In response to message #4
 
   What a wonderful review, Graham - thank you so much!


<<Especially memorable was the obvious heart-rending despair of each Princess at their collective rejection by Siegfried – so often in other productions, having put their heart and soul into a dance to win his proposal, they just shrug their shoulders and walk away!>>

This is so very true! In other productions when these princesses simply walked away it always struck me as "something is wrong with this" but I never could quite put my finger on it. But, you just did. Of course - they should look and act terribly disappointed!

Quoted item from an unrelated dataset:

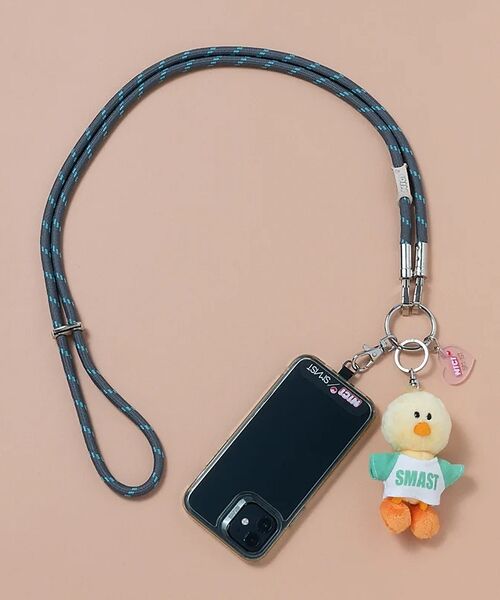 Rouge vif la cle / ルージュ・ヴィフ ラクレ モバイルケース | 【Yosemite Strap】NICI × SMAST Mobile Stra | 詳細28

<<Often, one can only feel what an idiot Siegfried is to have fallen for the deception – definitely not here, this was an Odile to be believed in every way. The essential differences between Odette and Odile are emphasised by every ballerina but I have rarely seen so much distance put between the two: a programme-less, first-timer could easily be forgiven for believing that the two characters were danced by different ballerinas.>>

This is the problem isn't it? Odile must fool the Prince into believing she is the "same" as Odette, and yet the ballet asks the ballerina to present herself as "different" from Odette. What do you think Zakharova did to put "so much distance between the two" and yet believable in "every way" to fool Siegfried?

One wonders why Odile has to be different at all when the object is to be the same?

<<I heard a man at ‘Don Quixote’ say that there was nothing left for him to get from ‘Swan Lake’ and he had “closed the book on it”>>

Obviously that's his loss!

Once again, thank you Graham!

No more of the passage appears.